8. Japanese School Uniforms, Actually a Good Idea!

“I think Japan does school uniforms right. Kids don’t have to deal with clothing issues! In America, most junior highs and high schools don’t have school uniforms, so there is sometimes the issue of bullying over appearance. Kids who can’t afford nice clothes can become a target, so I think school uniforms eliminates a lot of the pressure. Many of the schools that do have school uniforms are usually private and thus a privilege for kids from wealthy families. When you see someone in a school uniform in America, you just assume that they’re either rich or attending a Catholic school.”

9. Japan, Don’t Work so Much!

9. Japan, Don’t Work so Much!

“Why do you go to work when you have a cold? The salarymen that cough on everybody without a mask in crowded trains really bother me. In America, it’s common courtesy to stay at home if you’ve caught a cold. But people in America also don’t work as much as Japanese people, and the work hours in Japan are also too long. On top of that, women who work full-time are still in charge of the entire household... that is a culture shock for me. The standard that men’s only responsibility is to go to work is still rather prevalent, and I wish that Japan made faster strides towards gender equality.”

10. The Japanese People are Polite in the Most Curious Places!

10. The Japanese People are Polite in the Most Curious Places!

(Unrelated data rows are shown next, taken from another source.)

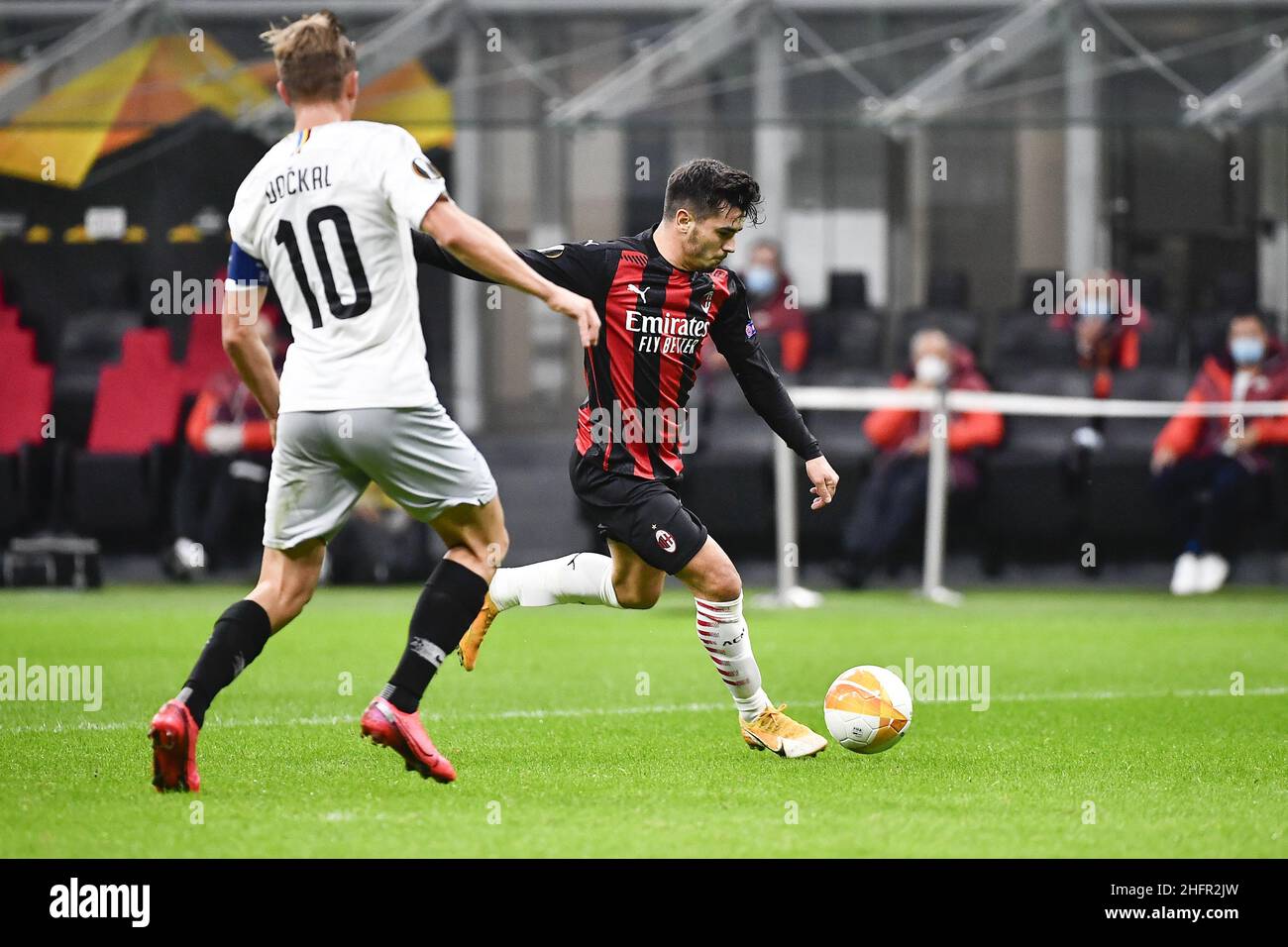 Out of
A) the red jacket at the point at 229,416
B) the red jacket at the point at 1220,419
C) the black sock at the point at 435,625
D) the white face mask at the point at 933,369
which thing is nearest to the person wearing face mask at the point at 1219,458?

Last but not least: Japanese concerts!

“When the band talks between songs, the Japanese audience listens very quietly. That certainly is a strange feeling for someone from America. As soon as a band starts their performance, an American audience gets super excited immediately. It’s interesting when artists from abroad come to perform in Japan, they always seem surprised by how quiet the Japanese fans are and say: ‘Where’s the excitement?!’”

School uniforms, live venues, and peanut butter – Japan has a lot of little peculiarities that can seem weird, both in a good way and in a not so good way. What kind of things did come to your mind first?

*This information is from the time of this article's publication.